After he had dismissed the crowds, he went up on the mountain by himself to pray. Matthew 14:23
A few years ago, I had the opportunity to visit India to see a Christian orphanage and church planting movement that we support financially. I believed in their mission, but at the time, I was still struggling with following my own drug addiction.
While in one of the rural villages, I looked to the beauty of the surrounding hills and asked our Indian pastor/guide if he ever went hiking just for fun. He looked at me oddly, as if hiking just for the sake of hiking was a little strange. He said he did go up there regularly, to get away from the world and to pray. Now it was my turn to think him odd. Here was a man of God, who spent every day caring for the needy and preaching the word. Why did he need to get away to pray? Wasn’t he close enough to God already? Mired in my own self-centeredness, I just didn’t understand.
I think almost the same thing every time I read today’s passage in which Jesus went away by himself to pray. Here was the messiah, the very son of God, who was already obviously intimately connected to the father, but who also needed to take time away from the demands of the world to talk with God. After feeding the crowd and healing their sick, Jesus recharged and refilled himself by spending time with his father.
The world is profoundly distracting, sucking the life out of us. We all have a hundred different diversions, pulling us in as many directions in a day. We may say that our faith is the most important thing about us, but to any observer, we follow our smart phones, entertainment, or jobs more than God.

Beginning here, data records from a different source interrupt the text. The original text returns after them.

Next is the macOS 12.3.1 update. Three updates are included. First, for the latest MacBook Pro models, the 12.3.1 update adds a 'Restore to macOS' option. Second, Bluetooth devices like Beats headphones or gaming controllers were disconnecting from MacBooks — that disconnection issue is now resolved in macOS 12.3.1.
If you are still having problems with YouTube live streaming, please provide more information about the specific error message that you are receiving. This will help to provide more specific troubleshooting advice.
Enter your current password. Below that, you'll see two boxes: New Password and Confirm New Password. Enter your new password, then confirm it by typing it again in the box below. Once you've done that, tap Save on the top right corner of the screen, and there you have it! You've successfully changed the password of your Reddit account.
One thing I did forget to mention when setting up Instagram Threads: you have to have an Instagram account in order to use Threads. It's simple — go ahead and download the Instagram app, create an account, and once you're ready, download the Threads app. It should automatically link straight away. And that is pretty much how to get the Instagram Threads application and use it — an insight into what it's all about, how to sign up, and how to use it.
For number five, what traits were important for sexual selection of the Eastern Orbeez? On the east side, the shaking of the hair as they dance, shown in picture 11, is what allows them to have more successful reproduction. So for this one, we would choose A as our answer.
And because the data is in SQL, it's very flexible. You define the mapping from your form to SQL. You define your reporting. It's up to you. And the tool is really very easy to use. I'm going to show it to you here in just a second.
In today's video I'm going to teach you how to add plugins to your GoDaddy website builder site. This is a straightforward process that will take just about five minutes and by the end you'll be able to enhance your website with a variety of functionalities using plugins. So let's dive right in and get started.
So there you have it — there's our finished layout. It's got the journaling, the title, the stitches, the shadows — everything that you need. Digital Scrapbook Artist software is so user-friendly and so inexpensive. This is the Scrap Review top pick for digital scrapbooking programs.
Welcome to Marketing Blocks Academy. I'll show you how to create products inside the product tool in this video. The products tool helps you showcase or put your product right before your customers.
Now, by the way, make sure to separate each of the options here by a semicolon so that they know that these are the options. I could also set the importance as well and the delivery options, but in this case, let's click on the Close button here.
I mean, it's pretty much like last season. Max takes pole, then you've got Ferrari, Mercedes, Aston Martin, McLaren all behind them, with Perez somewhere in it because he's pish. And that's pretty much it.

In my addiction, I followed me above all. Then, I wondered why I was such a disaster. In my recovery, I began to understand that my life went in the direction of whatever I pursued. If I followed my appetite today, predictable consequences ensued tomorrow. The world continually pulls me away from God. If I want to know faith and recovery, then like Jesus, I must daily take time to purposefully unplug from the world. I must daily spend time alone in prayer, speaking and listening to the God who fills me with the life I truly want and need.